Department of Biochemistry, School of Molecular and Cellular Biology, University of Illinois, Urbana, Illinois 61801, USA.
J Biol Chem. 2011 Feb 18;286(7):5540-5. doi: 10.1074/jbc.M110.182055. Epub 2010 Dec 22.
Cytochrome P450 3A4 (CYP3A4) displays non-Michaelis-Menten kinetics for many of the substrates it metabolizes, including testosterone (TST) and α-naphthoflavone (ANF). Heterotropic effects between these two substrates can further complicate the metabolic profile of the enzyme. In this work, monomeric CYP3A4 solubilized in Nanodiscs has been studied for its ability to interact with varying molar ratios of ANF and TST. Comparison of the observed heme spin state, NADPH consumption, and product formation rates with a non-cooperative model calculated from a linear combination of the global analysis of each substrate reveals a detailed landscape of the heterotropic interactions and indicates negligible binding cooperativity between ANF and TST. The observed effect of ANF on the kinetics of TST metabolism is due to the additive action of the second substrate with no specific allosteric effects.

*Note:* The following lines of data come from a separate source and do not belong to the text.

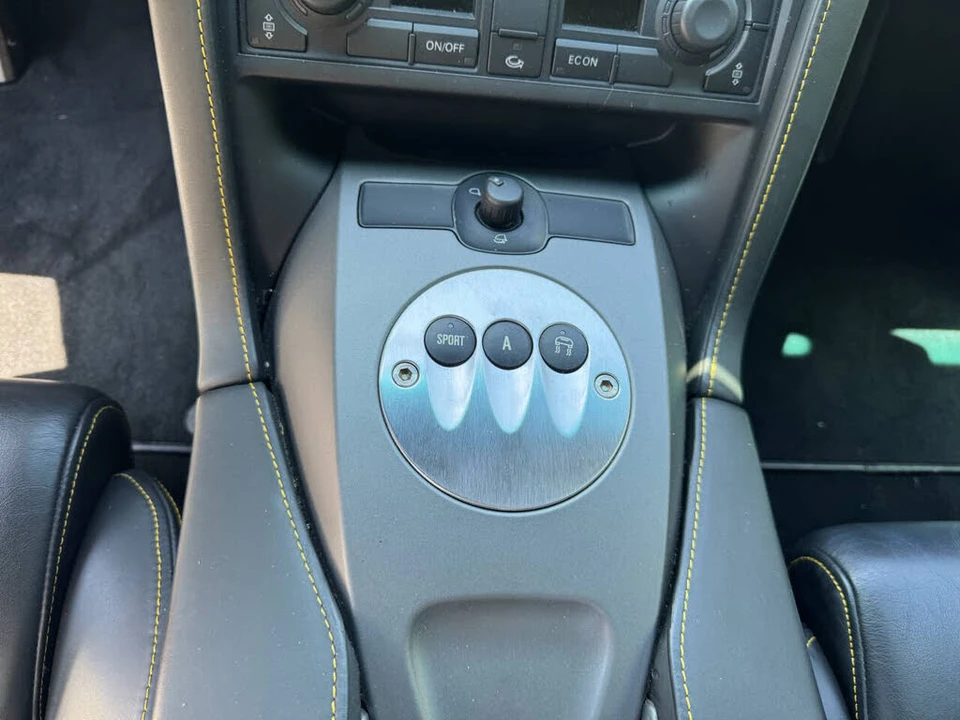 2004 Lamborghini Gallardo - Image 23 of 31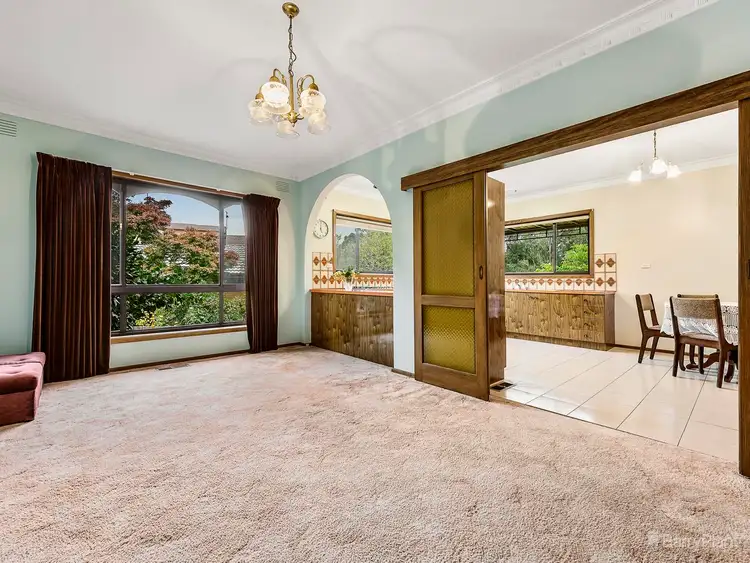 Fifth view of Homely house listing, 76 The Grange, Templestowe VIC 3106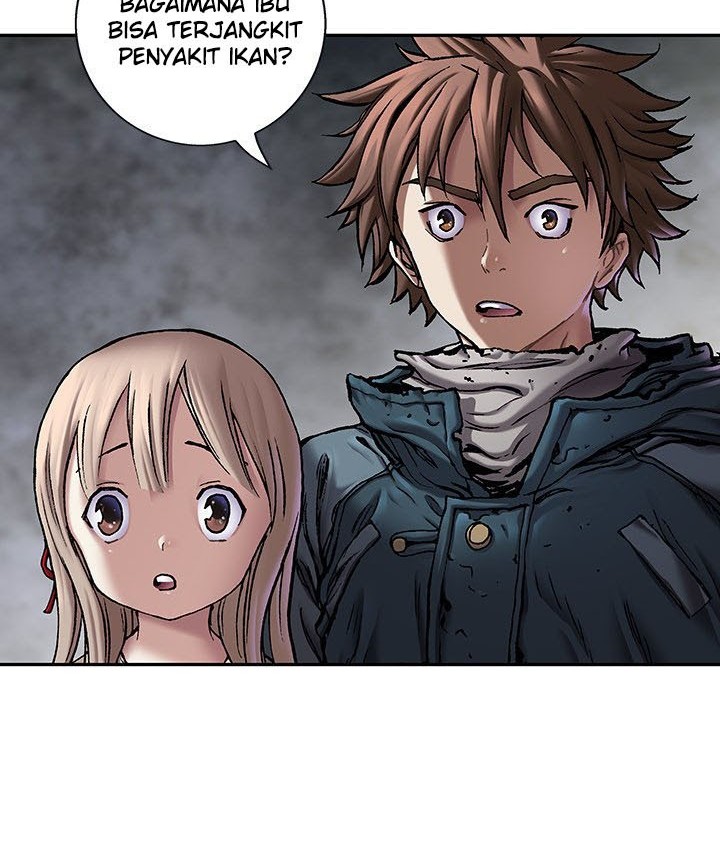 Leviathan Chapter 109 - halaman 13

细胞色素 P450 3A4(CYP3A4)对其代谢的许多底物表现出非米氏动力学,包括睾酮(TST)和α-萘黄酮(ANF)。这两种底物之间的变构效应会进一步使酶的代谢谱复杂化。在这项工作中,研究了在 Nanodiscs 中溶解的单体 CYP3A4 与不同摩尔比的 ANF 和 TST 相互作用的能力。通过对每个底物的全局分析的线性组合计算出的非协同模型与观察到的血红素自旋态、NADPH 消耗和产物形成速率进行比较,揭示了变构相互作用的详细情况,并表明 ANF 和 TST 之间几乎没有结合协同性。观察到的 ANF 对 TST 代谢动力学的影响是由于第二个底物的加和作用,没有特定的变构效应。